Tag Archives: Tony Bedard

“Convergence: Aquaman” issues 1 – 2

Written by Tony Bedard.

Wildstorm Concepts: Deathblow

All-Star WesternThis comic is really fun. The writing is constantly witty, keeping things moving and not drowning in the 90’s feel as this could have been, considering it’s about harpoon-hand Aquaman. Anyhow, Talos is making different universes battle each other, and now it’s turn for 90’s Aquaman VS Classic Wildstorm Deathblow.  That’s the weak point… Deathblow. It’s written as appallingly one-dimensional, little more than a psycho that kills without remorse and is willing to do anything. A crazy military man that gives the old WSU a bad image. “I once hid in a latrine for FIVE HOURS to take out some chieftain in Wazirstan,” he says. This sounds like Cray… “Made sure he suffered for keeping me waiting.” And THAT’s where it ruins it.

Still, he’s smart. Cray’s first move is to break into D.E.O.’s installations – watchdogs of superheroes with a database – and look into Aquaman’s weaknesses. Then he must get into S.T.A.R. Labs, where Aquaman is staying. He immediately starts shooting all the civilians, hoping to shock Aquaman and desestaibilize him. However, Aquaman has super strength – all it takes is a strong punch for Aquaman to break Cray’s neck. And guess what? Cray comes back to life. I mean yeah, that IS his super power, but it doesn’t work as quickly as that. He’s not Wolverine. So Aquaman is faced with an enemy he can’t put down. How will he get out of this?
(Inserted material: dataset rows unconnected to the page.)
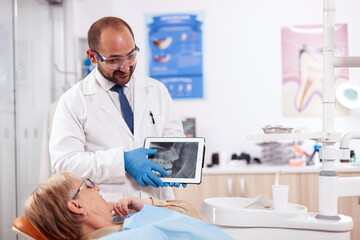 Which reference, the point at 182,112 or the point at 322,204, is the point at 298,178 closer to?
Result: the point at 182,112

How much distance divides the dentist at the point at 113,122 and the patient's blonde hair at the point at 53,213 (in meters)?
0.32

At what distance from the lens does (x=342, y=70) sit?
3.25 meters

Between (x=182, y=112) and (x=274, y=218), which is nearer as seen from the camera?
(x=274, y=218)

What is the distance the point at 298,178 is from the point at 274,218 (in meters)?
1.41

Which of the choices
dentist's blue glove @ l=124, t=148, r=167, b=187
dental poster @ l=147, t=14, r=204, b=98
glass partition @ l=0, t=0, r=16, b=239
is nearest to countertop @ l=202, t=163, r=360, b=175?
dental poster @ l=147, t=14, r=204, b=98

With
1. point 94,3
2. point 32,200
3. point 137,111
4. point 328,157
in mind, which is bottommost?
point 32,200

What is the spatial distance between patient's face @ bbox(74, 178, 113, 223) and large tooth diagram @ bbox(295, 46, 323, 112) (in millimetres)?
2161

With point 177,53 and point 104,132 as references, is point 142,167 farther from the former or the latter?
point 177,53

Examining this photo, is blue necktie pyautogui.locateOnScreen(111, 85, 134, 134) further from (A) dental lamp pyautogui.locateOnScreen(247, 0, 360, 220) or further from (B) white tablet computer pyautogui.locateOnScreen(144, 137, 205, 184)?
(A) dental lamp pyautogui.locateOnScreen(247, 0, 360, 220)

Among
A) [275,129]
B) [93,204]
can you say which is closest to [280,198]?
[275,129]

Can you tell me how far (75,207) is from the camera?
1371 mm

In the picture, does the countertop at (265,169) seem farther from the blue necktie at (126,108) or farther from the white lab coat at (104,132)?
the blue necktie at (126,108)

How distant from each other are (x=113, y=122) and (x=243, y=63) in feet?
5.70

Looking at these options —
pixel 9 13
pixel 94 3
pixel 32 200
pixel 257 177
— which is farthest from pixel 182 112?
pixel 32 200
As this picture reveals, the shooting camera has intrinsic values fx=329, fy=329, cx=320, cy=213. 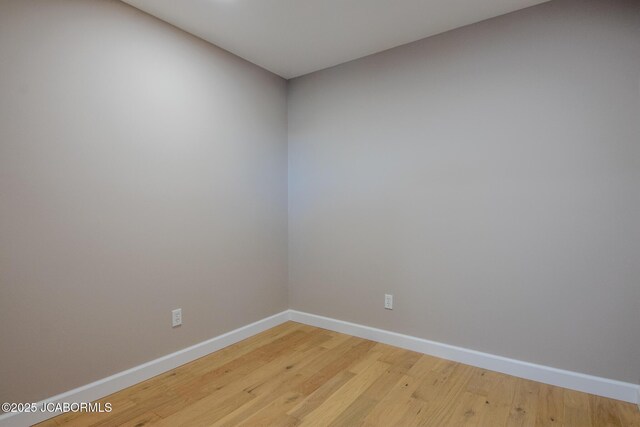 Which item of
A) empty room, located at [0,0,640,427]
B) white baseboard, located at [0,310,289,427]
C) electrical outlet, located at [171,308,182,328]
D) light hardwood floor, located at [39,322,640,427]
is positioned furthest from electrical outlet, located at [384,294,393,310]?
electrical outlet, located at [171,308,182,328]

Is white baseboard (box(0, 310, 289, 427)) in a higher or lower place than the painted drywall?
lower

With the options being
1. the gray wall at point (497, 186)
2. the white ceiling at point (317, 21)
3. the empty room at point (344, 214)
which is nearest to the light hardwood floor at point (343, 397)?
the empty room at point (344, 214)

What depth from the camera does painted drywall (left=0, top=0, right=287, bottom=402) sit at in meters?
1.67

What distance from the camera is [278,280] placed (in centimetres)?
323

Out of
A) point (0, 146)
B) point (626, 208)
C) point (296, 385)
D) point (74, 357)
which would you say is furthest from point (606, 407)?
point (0, 146)

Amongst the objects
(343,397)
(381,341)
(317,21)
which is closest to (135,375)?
(343,397)

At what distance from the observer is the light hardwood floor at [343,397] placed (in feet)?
5.76

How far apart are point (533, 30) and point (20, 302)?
333cm

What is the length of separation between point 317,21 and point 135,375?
2616 millimetres

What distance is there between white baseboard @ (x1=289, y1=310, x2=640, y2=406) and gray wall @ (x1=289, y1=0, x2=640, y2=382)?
2.3 inches

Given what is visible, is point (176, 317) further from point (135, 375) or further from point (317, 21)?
point (317, 21)

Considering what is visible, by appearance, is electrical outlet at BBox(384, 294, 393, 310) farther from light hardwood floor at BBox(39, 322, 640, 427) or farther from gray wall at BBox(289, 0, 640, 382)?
light hardwood floor at BBox(39, 322, 640, 427)

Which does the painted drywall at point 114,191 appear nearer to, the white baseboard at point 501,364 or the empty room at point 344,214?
the empty room at point 344,214

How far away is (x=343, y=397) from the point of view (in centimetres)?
197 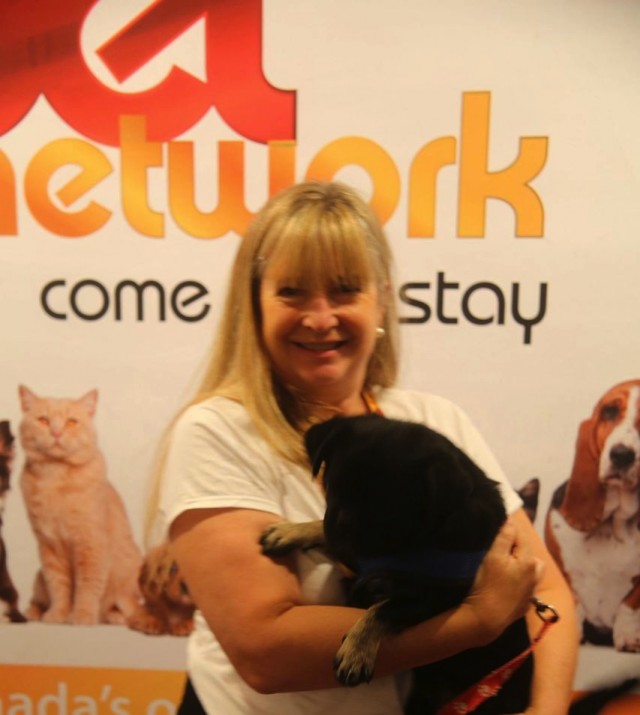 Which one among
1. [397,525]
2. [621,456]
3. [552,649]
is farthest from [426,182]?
[552,649]

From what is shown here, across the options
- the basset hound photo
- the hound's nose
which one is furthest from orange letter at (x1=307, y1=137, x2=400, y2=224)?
the hound's nose

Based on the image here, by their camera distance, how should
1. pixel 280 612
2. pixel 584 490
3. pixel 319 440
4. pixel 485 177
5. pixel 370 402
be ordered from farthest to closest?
pixel 584 490 < pixel 485 177 < pixel 370 402 < pixel 319 440 < pixel 280 612

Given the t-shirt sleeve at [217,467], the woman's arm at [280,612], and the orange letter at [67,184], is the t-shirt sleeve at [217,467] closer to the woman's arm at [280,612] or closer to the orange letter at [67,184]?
the woman's arm at [280,612]

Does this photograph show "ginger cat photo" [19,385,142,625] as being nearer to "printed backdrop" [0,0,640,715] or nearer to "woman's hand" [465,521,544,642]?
"printed backdrop" [0,0,640,715]

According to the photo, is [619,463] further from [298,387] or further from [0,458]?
[0,458]

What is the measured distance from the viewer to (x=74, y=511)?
199 cm

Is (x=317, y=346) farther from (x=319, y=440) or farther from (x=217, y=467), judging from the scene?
(x=217, y=467)

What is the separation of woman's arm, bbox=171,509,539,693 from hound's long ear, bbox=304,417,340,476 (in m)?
0.12

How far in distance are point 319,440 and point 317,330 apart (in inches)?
8.3

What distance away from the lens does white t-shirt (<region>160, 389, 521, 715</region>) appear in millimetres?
1001

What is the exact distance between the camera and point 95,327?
1.93 meters

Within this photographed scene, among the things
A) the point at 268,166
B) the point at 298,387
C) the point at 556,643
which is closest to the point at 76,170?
the point at 268,166

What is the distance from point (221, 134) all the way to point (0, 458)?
1.29 meters

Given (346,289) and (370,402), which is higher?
(346,289) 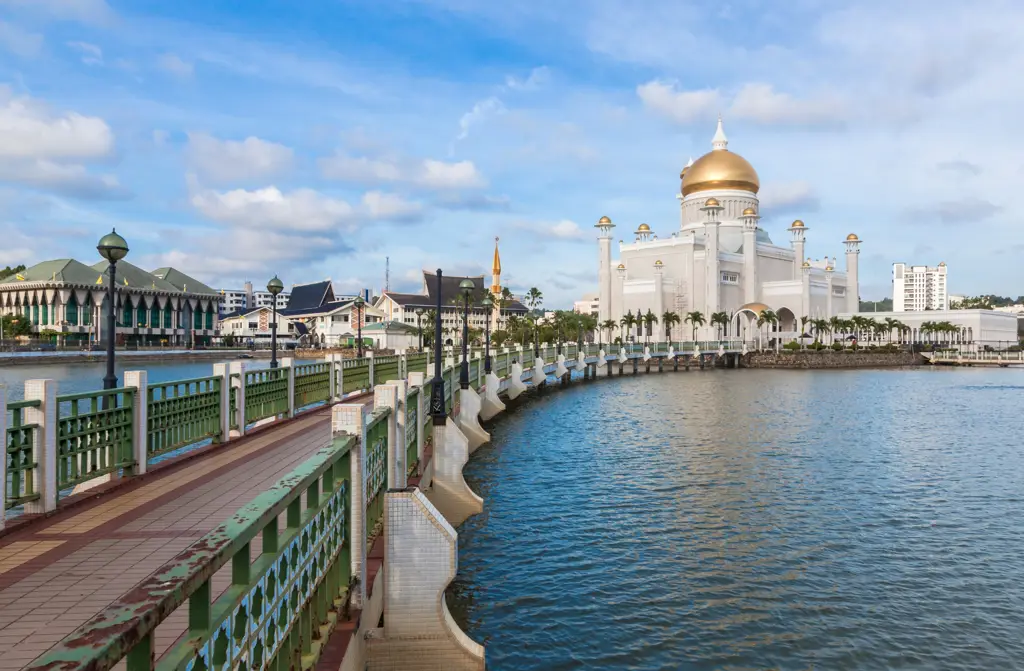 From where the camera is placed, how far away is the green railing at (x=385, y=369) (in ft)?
80.5

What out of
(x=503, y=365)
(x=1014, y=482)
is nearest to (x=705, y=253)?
(x=503, y=365)

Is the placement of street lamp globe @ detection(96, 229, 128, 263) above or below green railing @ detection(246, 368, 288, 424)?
above

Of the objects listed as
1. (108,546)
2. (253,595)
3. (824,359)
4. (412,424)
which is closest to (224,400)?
(412,424)

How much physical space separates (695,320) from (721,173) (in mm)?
19985

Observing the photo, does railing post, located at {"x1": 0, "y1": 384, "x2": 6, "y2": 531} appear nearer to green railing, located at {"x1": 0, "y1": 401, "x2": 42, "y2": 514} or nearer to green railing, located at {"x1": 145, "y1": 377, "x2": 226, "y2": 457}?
green railing, located at {"x1": 0, "y1": 401, "x2": 42, "y2": 514}

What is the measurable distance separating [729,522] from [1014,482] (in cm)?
836

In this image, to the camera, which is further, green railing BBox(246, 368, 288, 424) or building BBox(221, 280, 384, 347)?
building BBox(221, 280, 384, 347)

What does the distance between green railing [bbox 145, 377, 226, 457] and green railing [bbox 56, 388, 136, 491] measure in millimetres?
401

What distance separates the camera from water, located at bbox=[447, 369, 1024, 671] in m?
8.52

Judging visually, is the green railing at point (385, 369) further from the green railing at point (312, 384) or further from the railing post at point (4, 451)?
the railing post at point (4, 451)

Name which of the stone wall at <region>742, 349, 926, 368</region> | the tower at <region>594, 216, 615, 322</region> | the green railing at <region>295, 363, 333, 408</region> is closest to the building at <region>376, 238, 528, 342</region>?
the tower at <region>594, 216, 615, 322</region>

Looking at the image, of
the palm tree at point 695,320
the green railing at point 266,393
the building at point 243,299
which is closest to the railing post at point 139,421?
the green railing at point 266,393

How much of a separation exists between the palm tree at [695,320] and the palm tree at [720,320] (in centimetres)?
139

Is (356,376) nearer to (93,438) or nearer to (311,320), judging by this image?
(93,438) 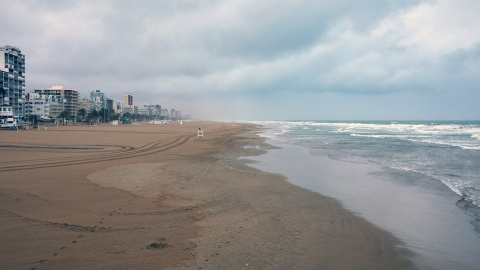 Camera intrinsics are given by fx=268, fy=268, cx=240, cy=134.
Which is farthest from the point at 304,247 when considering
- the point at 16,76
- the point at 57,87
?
the point at 57,87

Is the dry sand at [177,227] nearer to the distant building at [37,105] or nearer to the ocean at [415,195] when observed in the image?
the ocean at [415,195]

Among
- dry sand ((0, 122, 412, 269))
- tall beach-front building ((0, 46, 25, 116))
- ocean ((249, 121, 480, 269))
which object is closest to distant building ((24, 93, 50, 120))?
tall beach-front building ((0, 46, 25, 116))

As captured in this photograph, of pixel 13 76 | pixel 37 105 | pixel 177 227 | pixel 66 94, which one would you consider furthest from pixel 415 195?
pixel 66 94

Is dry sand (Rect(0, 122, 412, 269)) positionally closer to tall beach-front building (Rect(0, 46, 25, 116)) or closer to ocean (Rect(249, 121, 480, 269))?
ocean (Rect(249, 121, 480, 269))

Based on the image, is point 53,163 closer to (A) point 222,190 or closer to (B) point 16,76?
(A) point 222,190

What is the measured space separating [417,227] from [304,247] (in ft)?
12.2

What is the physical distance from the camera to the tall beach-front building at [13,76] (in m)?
89.4

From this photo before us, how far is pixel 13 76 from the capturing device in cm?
9381

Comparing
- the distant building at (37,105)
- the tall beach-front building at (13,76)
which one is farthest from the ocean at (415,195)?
the distant building at (37,105)

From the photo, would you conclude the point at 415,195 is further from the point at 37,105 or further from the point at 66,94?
the point at 66,94

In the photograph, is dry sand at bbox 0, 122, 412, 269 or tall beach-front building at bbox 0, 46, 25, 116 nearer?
dry sand at bbox 0, 122, 412, 269

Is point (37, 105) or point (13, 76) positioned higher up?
point (13, 76)

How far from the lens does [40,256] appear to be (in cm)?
482

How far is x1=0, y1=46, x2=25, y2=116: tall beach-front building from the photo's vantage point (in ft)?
293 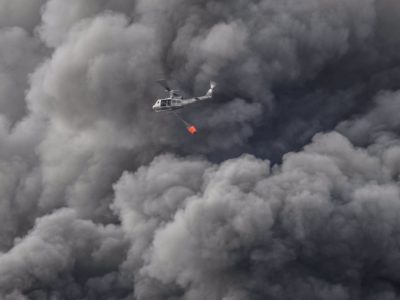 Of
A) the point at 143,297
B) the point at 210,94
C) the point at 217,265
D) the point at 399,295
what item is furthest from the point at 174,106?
the point at 399,295

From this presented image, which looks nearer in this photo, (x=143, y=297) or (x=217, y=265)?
(x=217, y=265)

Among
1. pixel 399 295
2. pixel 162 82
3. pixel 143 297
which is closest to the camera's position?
pixel 162 82

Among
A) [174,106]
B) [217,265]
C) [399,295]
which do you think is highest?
[174,106]

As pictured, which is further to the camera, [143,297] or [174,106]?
[143,297]

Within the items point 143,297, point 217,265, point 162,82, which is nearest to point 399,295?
point 217,265

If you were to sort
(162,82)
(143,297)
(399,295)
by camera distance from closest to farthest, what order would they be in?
(162,82)
(399,295)
(143,297)

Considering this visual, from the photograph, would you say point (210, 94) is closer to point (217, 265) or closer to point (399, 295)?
point (217, 265)

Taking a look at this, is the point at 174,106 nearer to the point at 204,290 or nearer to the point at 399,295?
the point at 204,290

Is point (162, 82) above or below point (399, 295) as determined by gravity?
above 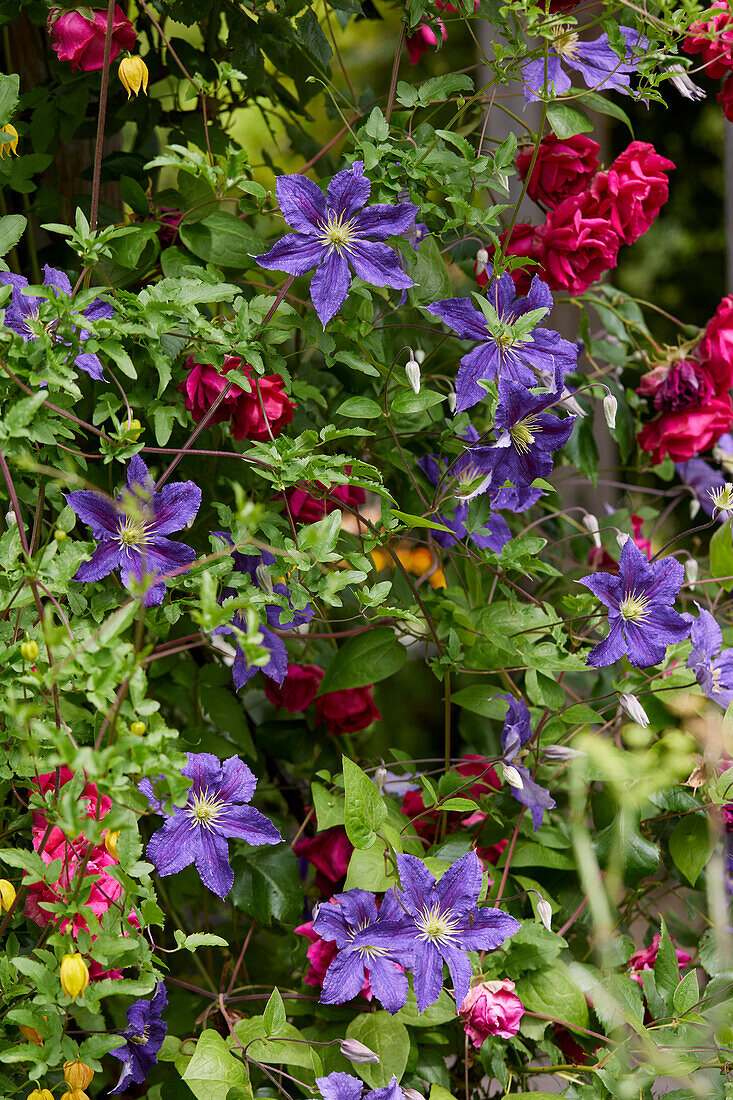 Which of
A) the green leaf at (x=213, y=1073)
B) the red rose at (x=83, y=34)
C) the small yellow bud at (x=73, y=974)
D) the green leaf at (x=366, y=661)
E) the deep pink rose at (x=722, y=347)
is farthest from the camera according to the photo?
the deep pink rose at (x=722, y=347)

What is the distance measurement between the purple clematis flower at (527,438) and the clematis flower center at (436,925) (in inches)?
13.2

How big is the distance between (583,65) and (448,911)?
72 cm

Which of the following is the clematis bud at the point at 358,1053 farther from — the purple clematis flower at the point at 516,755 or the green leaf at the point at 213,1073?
the purple clematis flower at the point at 516,755

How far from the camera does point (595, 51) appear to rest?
0.83 metres

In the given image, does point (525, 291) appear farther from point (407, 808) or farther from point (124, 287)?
point (407, 808)

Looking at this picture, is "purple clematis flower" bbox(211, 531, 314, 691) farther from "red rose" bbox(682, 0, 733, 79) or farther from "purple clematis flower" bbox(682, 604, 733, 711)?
"red rose" bbox(682, 0, 733, 79)

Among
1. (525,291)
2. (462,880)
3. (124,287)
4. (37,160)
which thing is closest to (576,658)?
(462,880)

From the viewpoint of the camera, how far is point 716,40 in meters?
0.78

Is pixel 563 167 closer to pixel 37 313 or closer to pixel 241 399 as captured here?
pixel 241 399

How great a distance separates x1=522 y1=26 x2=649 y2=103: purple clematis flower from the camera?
789 millimetres

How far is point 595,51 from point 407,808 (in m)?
A: 0.71

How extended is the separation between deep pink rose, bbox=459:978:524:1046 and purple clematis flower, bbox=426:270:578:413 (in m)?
0.45

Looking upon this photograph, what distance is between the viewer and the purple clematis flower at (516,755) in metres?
0.75

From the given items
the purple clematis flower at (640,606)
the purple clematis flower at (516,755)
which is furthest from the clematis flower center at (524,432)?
the purple clematis flower at (516,755)
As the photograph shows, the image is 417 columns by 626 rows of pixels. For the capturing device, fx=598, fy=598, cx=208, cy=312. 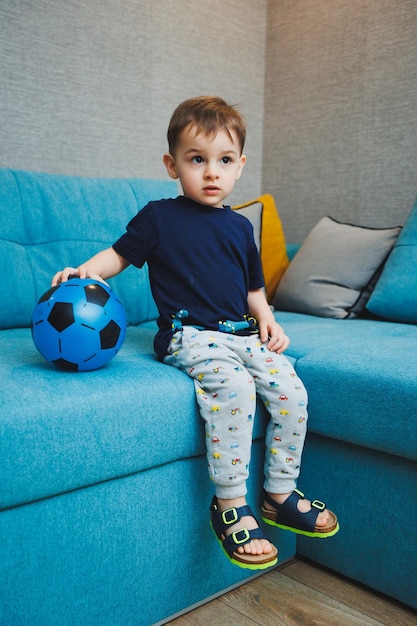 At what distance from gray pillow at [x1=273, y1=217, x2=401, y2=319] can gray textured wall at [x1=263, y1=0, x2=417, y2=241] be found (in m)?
0.48

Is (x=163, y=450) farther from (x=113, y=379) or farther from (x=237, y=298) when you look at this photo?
(x=237, y=298)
And thereby lies the problem to this story. Did you read that? Aquaman is the hero in trouble, Deathblow is some villain. Convergence was announced as a tribute to all the characters who haven’t been around us – but this isn’t respect. The DC character gets a much nicer spotlight than the Wildstorm one.

One way or another, the fight goes on. Aquaman gets some water on him, which boosts his strength. Cray needs some help, and he remembers the files he’s read – he knows about S.T.A.R. Labs insurance policy on Aquaman. Using his I.O. training, he gets inside a computer and hacks the “Drydock” program active. As it turns out, Aquaman’s friends had installed a dehydrator system in case Aquaman went rogue – Aquaman loses what little trust he had. Still, his friends come around when he needs them the most. Aquaman is about to get beaten by Deathblow when his friends whisper him an idea through the coms – he can get still water in the form of the blood inside Deathblow! It’s nasty, but it works, since Deathblow can’t die. Aquaman uses his harpoon hand, stabs Cray’s neck and bathes on his blood. This gives him the edge he needed, and he wins the fight. They tie Deathblow up, and Aquaman wins the fight. The Wildstorm city vanishes… to be continued in Convergence.

Next: “Convergence: Batman: Shadow of the Bat” issues 1 – 2, written by Larry Hama.

“Flash” Vol.4 issue 4, “Teen Titans” Vol.4 issue 16 and “Sword of Sorcery” issues 0-3

Flash written by Brian Buccellato; Teen Titans written by Scott Lobdell; Sword of Sorcery written by Tony Bedard

Wildstorm Concepts: Kaizen Gamorra as Regulus.jpg

All-star WesternThese issues feature early appearances of Basilisk throughout the DC universe and set up Regulus’ bigger plan. To catch up: Regulus is secretly Kaizen Gamorra, who was fused with Dean Higgins in Team 7’s final mission. After experiencing what superhumans can do when Team 7 employed Majestic to stop him, Regulus decided he was going to stop all of the superhumans, and that’s the new direction he set for Basilisk, his organization. Regulus predicts there’s a war coming between normal people and “supers”, and he doesn’t plan on letting supers win.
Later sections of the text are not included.